━━ THE RECORDS ━━

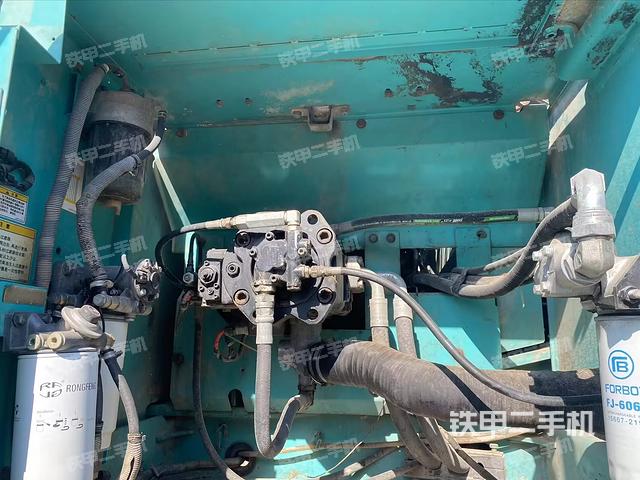 液壓泵艙室正面整體（整機外觀）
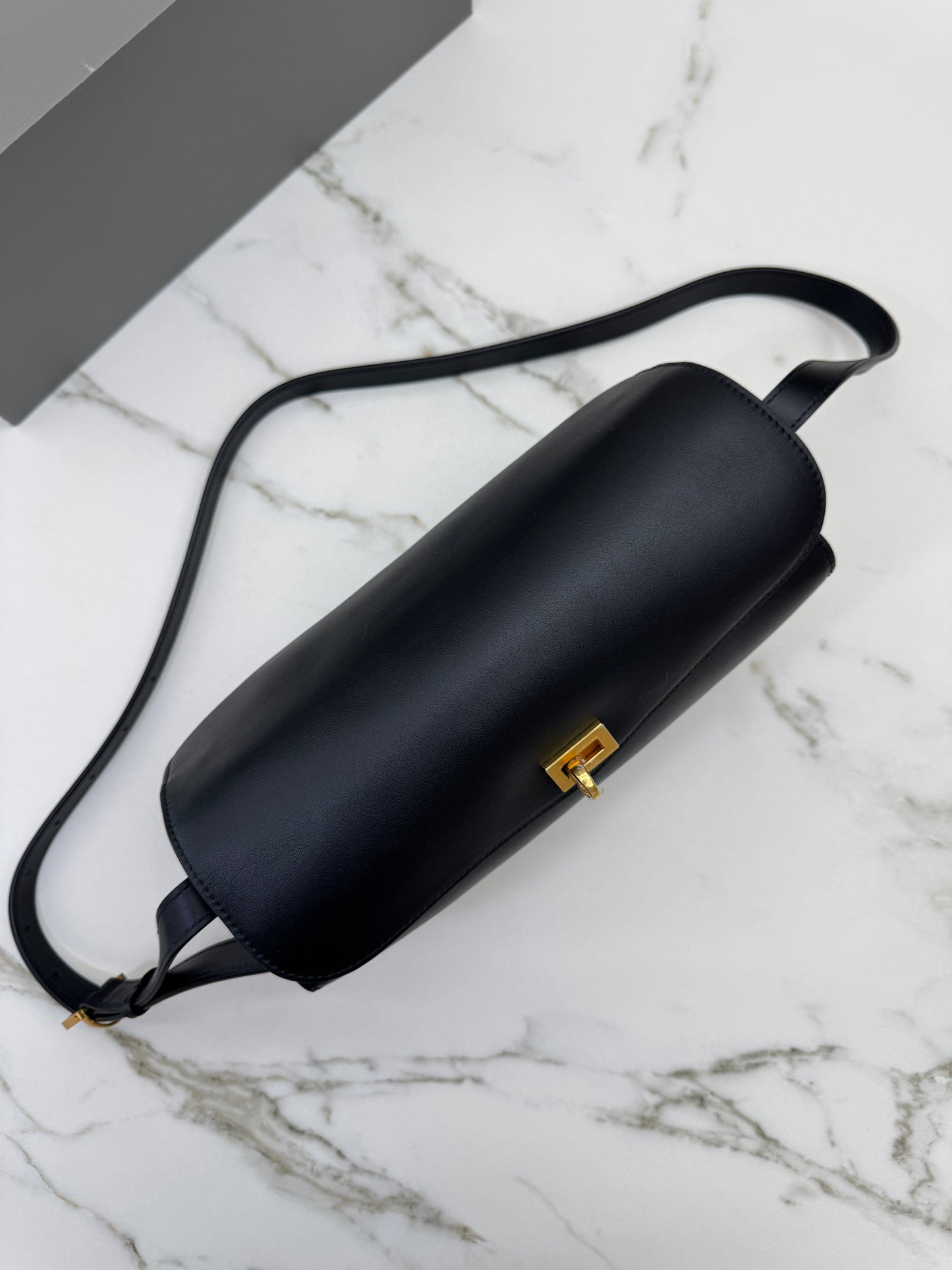 BALENCIAGA Le 7 Hobo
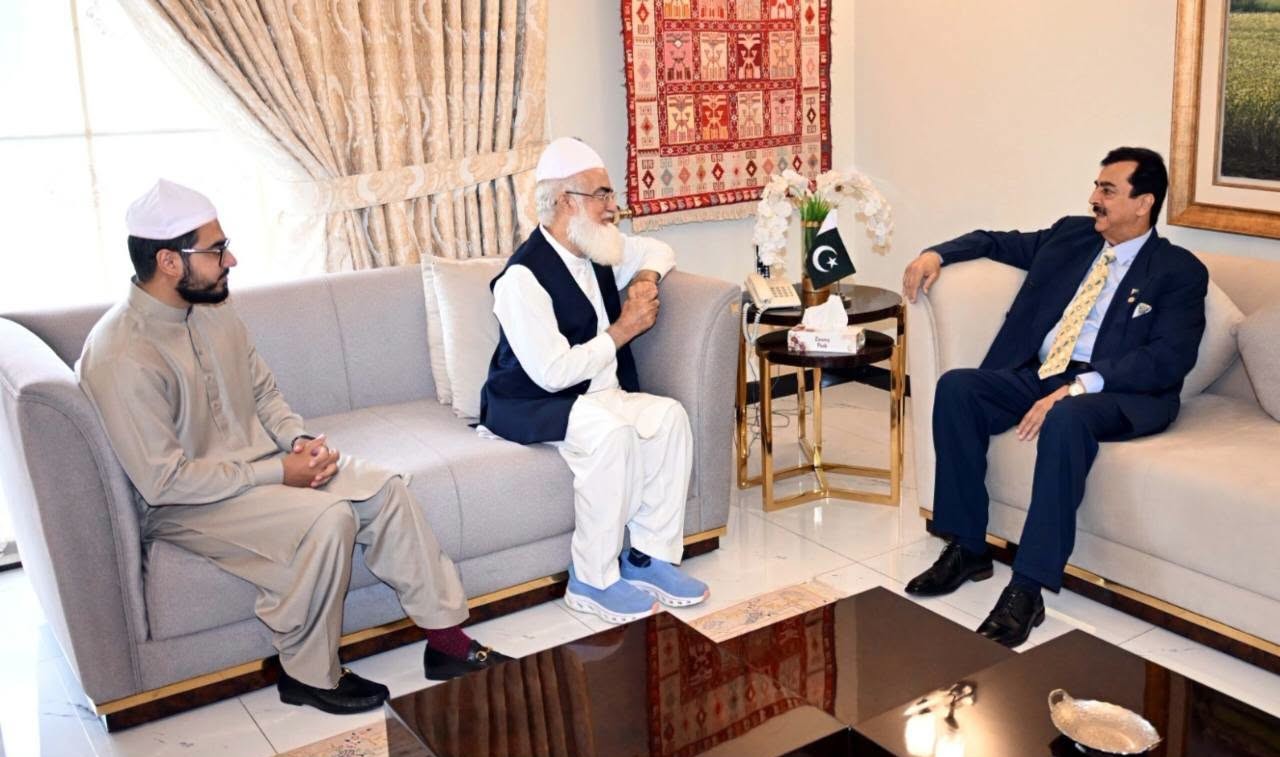 Former Federal Minister and Chancellor Al-Karam University Bhera Pir Muhammad Amin-ul Hasnaat Shah and his son Naeem Ud Din Shah called on the Chairman Senate, Syed Yousaf Raza Gilani at his residence in Ministers Enclave, Islamabad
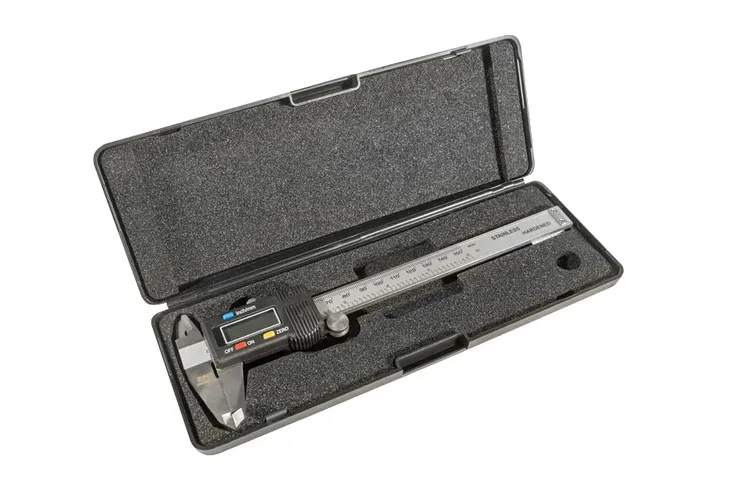suwmiarka-cyfrowa-150mm-0-02mm-stan-nowy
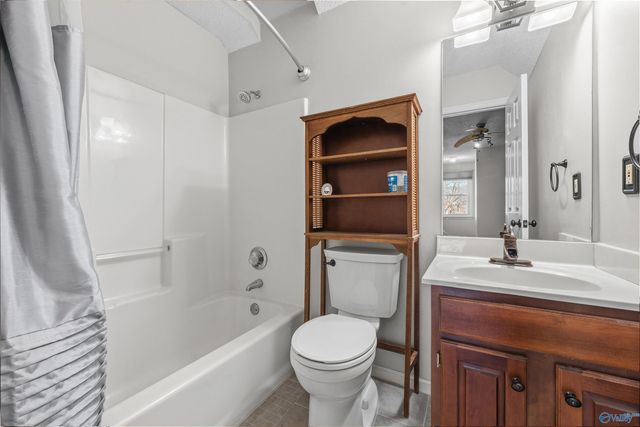 905 Whispering Pines Trail SW, Decatur, AL 35603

━━━

In your copy of the material, every word must match and no image should appear.

RESPONSE —
 液壓泵艙室正面整體（整機外觀）
 BALENCIAGA Le 7 Hobo
 Former Federal Minister and Chancellor Al-Karam University Bhera Pir Muhammad Amin-ul Hasnaat Shah and his son Naeem Ud Din Shah called on the Chairman Senate, Syed Yousaf Raza Gilani at his residence in Ministers Enclave, Islamabad
suwmiarka-cyfrowa-150mm-0-02mm-stan-nowy
 905 Whispering Pines Trail SW, Decatur, AL 35603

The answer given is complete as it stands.